Brief descriptive captions:
#####

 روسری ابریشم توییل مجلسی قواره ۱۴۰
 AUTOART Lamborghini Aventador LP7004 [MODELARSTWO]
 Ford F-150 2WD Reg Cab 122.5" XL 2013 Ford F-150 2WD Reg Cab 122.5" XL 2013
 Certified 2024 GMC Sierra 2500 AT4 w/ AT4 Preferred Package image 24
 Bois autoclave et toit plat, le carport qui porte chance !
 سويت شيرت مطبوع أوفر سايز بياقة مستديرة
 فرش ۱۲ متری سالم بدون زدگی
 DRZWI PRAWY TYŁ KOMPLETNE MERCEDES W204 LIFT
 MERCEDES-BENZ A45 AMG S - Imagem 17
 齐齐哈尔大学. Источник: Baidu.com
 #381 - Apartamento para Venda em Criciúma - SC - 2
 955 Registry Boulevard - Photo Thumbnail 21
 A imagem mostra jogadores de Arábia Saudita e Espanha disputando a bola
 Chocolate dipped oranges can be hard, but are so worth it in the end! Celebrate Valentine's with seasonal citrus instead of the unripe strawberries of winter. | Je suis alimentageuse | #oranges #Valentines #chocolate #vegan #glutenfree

#####

What is being asked
The word to find is "MERCEDES". Copy every line of the records that holds it.

Answer for the task
 DRZWI PRAWY TYŁ KOMPLETNE MERCEDES W204 LIFT
 MERCEDES-BENZ A45 AMG S - Imagem 17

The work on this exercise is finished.